REPUBLIKA.CO.ID, JAKARTA -- Pakar Hukum Pidana Universitas Islam Indonesia (UII) Yogyakarta, Rusli Muhammad melihat PP Aborsi sebagai penyulut adanya kejahatan baru ketika peraturan tersebut ditetapkan.
''Ini faktor kriminogen, peraturan yang dibuat dimaksudkan memang untuk perlindungan, tapi nantinya justru menciptakan kejahatan baru,'' kata dia, Jumat (15/8).
Ia melanjutkan, efek yang akan disebabkan oleh peraturan tersebut ialah para wanita justru mencari cara agar diri seakan diperkosa dan melakukan aborsi, padahal kehamilan itu didasarkan kepada hubungan gelap.

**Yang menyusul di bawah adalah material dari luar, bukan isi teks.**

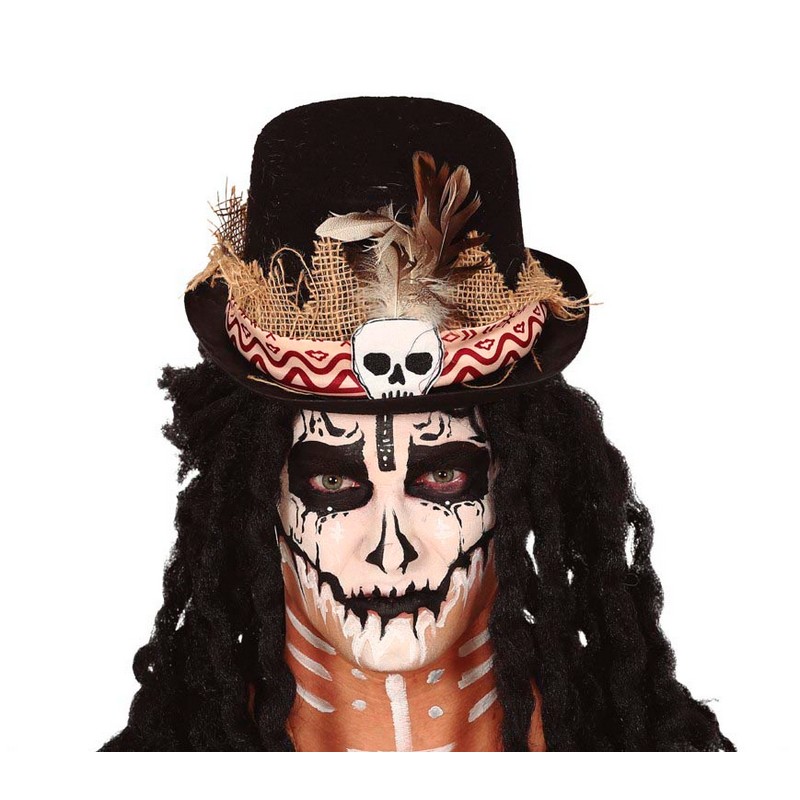 Voodoo Doktor Tophat Sort | Voodoo Hat / Hue / Hjelm - Hovedtilbehør - Temashop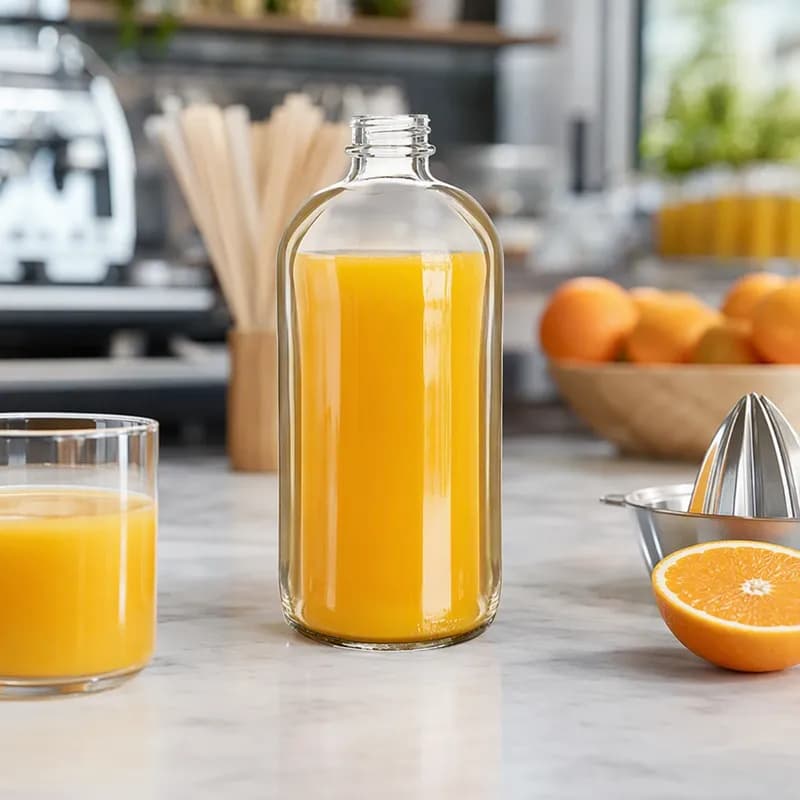 Piramal Juice Bottle 16 OZ Glass Round With 28-400 Neck Finish 12/Case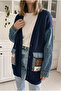 Women's Navy Blue Denim Pocket Cardigan with Kilim Pattern, Denim Sleeves, Oversize Buttoned, 100% Cotton Knit - 5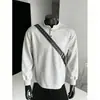 Camiseta de manga larga grisáceo-blanca de hombro normal para hombre, otoño/invierno, sudadera de patchwork deconstruido americana, camiseta tipo polo de peso pesado para capas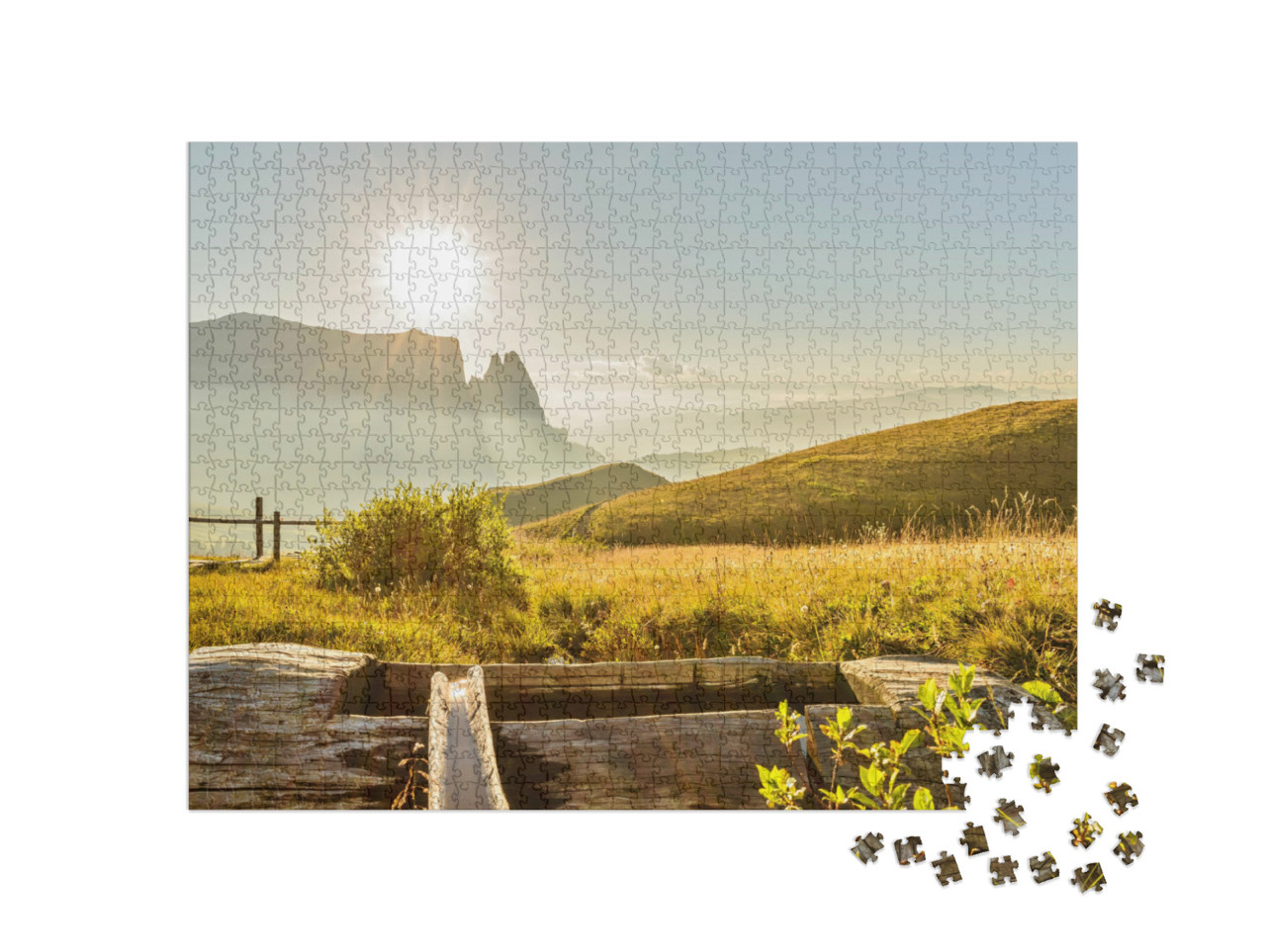 Puzzle 1000 Teile „Schlern an der Seiser Alm, Südtirol“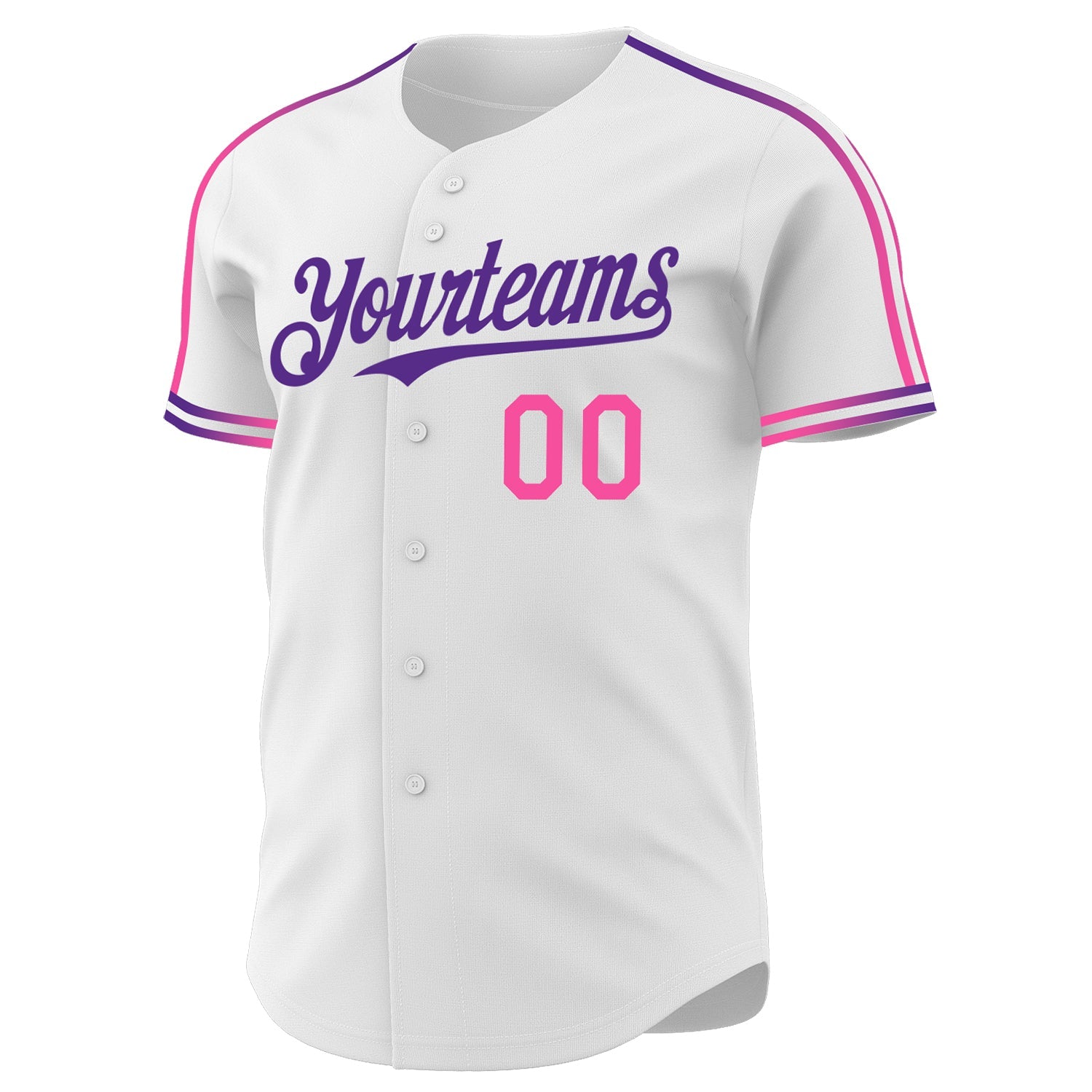 Custom White Pink-Purple Raglan Line Gradient Stripe Authentic Baseball Jersey view 3
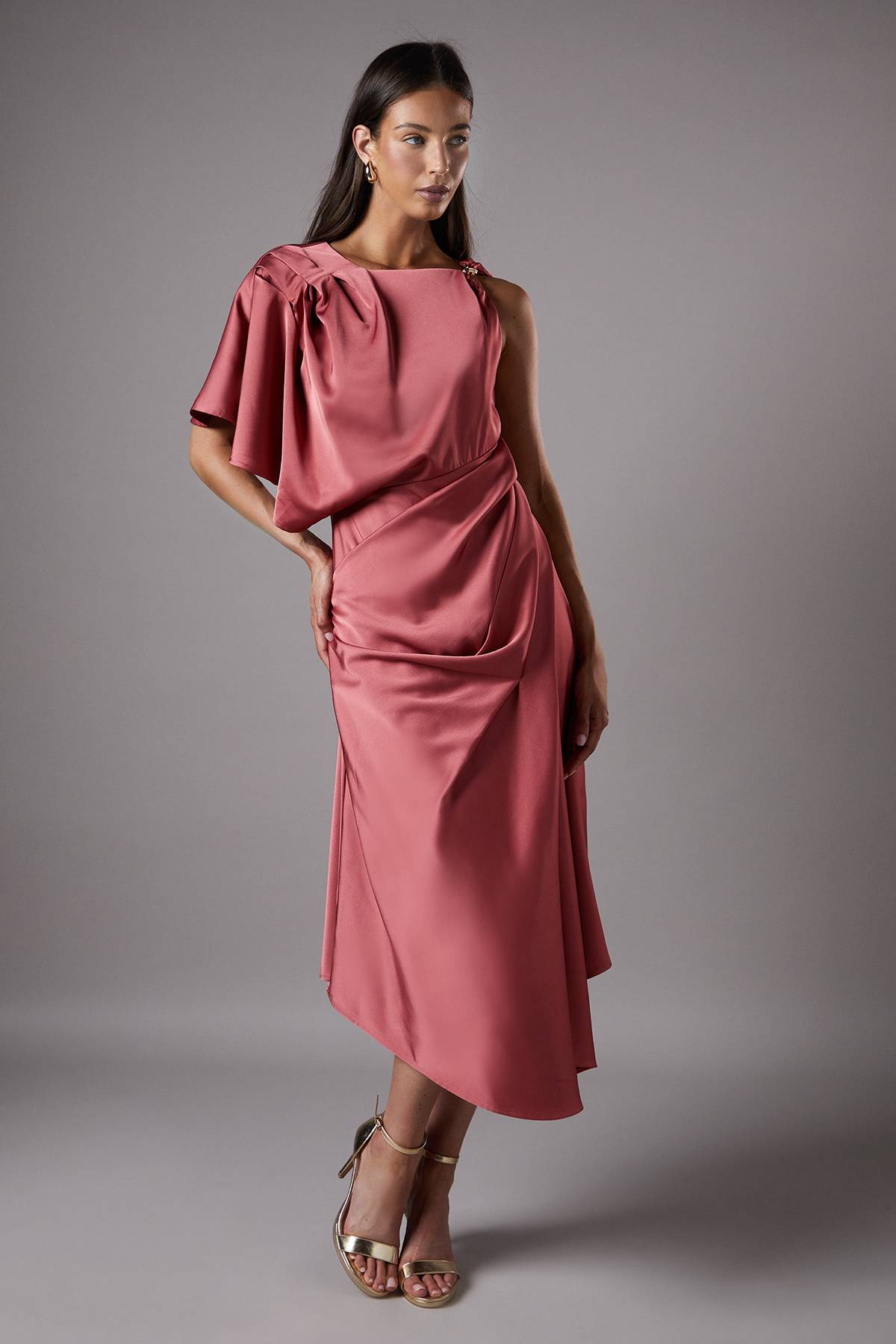 Coast Robe Mi-Longue Asymétrique Plissée de Fête avec Détail Doré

Apalagi dengan batas 40 hari yang diperbolehkan melakukan aborsi, dokter yang melakukan tidak akan mungkin memaksa untuk meminta surat keterangan kepolisian terkait korban perkosaan. Karena, biasanya butuh proses yang penjang (lebih dari 40 hari) untuk menetapkan seseorang diperkosa (pemberkasan).
Menurut Rusli, aborsi pada intinya perbuatan yang terlarang. Aborsi masuk ke dalam perbuatan pembunuhan. Tidak alasan untuk membolehkan.
Pemerintah dalam hal ini mungkin melihat dari seseorang yang terpaksa mendapat tindakan perkosaan. Namun, Rusli menilai kehamilan bukan tindakan keterpaksaan.
Dalam hukum, ada hal yang bisa dilihat yaitu, alasan pemaaf dan pembenar. Alasan pemaaf seperti dalam keadaan terpaksa (terkena tindak kejahatan) seseorang bisa membela dirinya dengan cara apapun.
''Tapi kalau aborsi bagamiana kan ga bisa kayak begitu. Makanya, kalau ada peraturan itu, tetap perbuatan yang tidak benar. Sehingga perlu ditinjau ulang. Karena sesuatu yang terlarang tidak boleh dilegalkan,'' kata Rusli.